=== COLLECTED MATERIAL ===
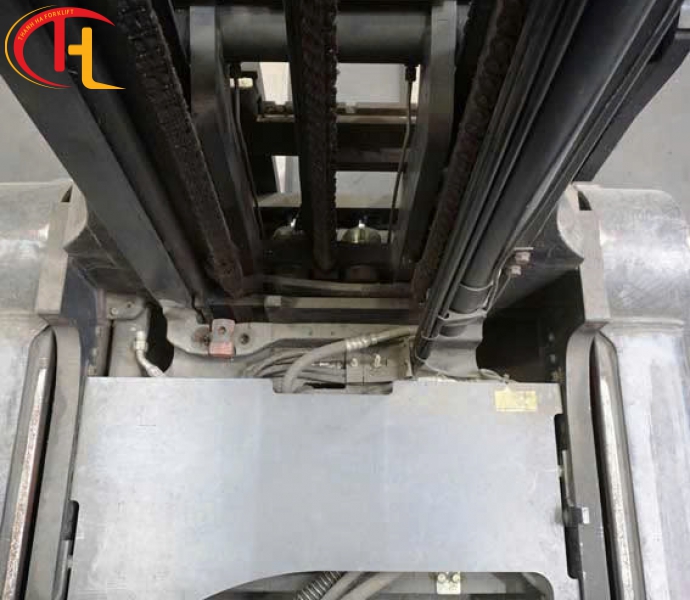 XE NÂNG ĐIỆN TẦM CAO LINDE NGỒI NGANG LÁI 1.6 TẤN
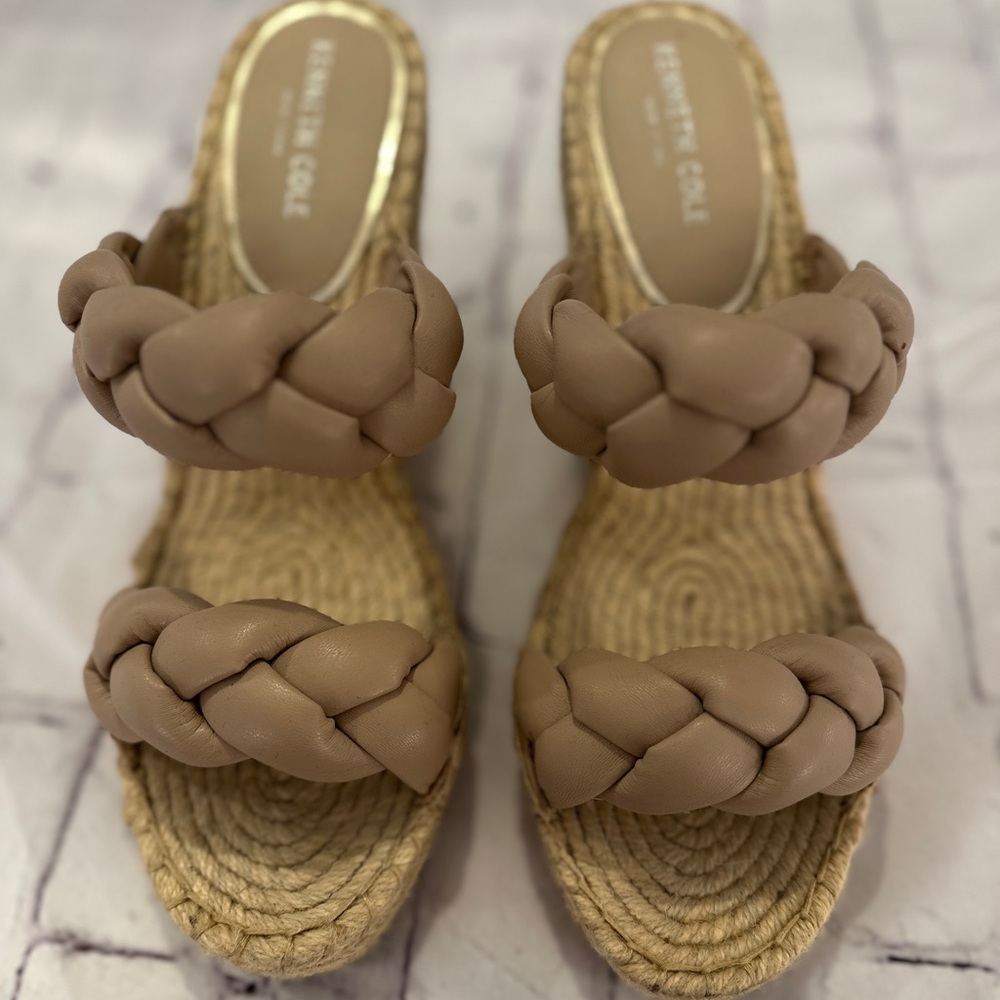Kenneth Cole New York Wedges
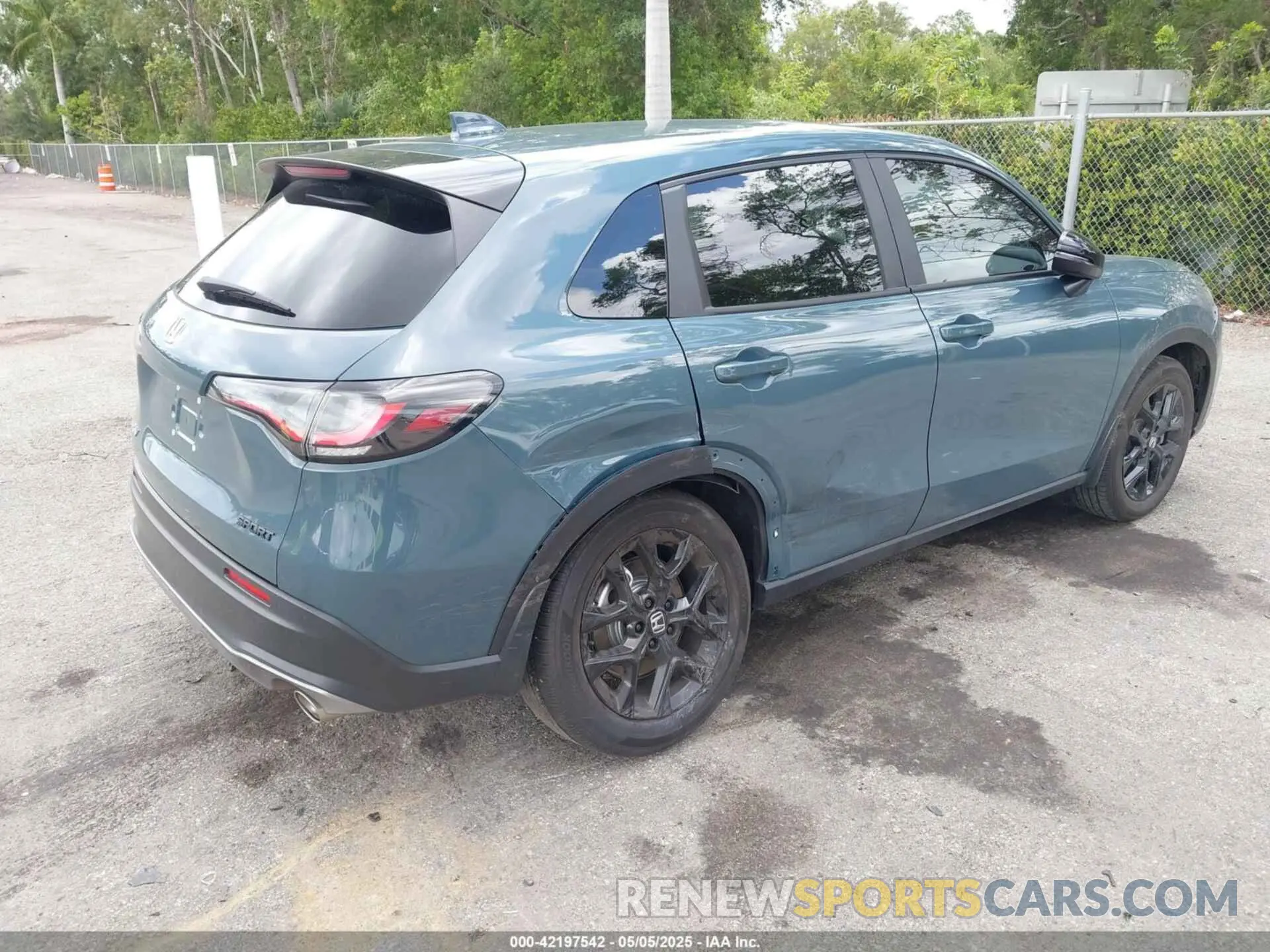 4 Photograph of a damaged car 3CZRZ1H56SM728967 HONDA HR-V 2025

=== WORK INSTRUCTIONS ===
The reply should repeat the data in full, exactly as given, and contain no pictures.

=== TASK RESPONSE ===
 XE NÂNG ĐIỆN TẦM CAO LINDE NGỒI NGANG LÁI 1.6 TẤN
Kenneth Cole New York Wedges
 4 Photograph of a damaged car 3CZRZ1H56SM728967 HONDA HR-V 2025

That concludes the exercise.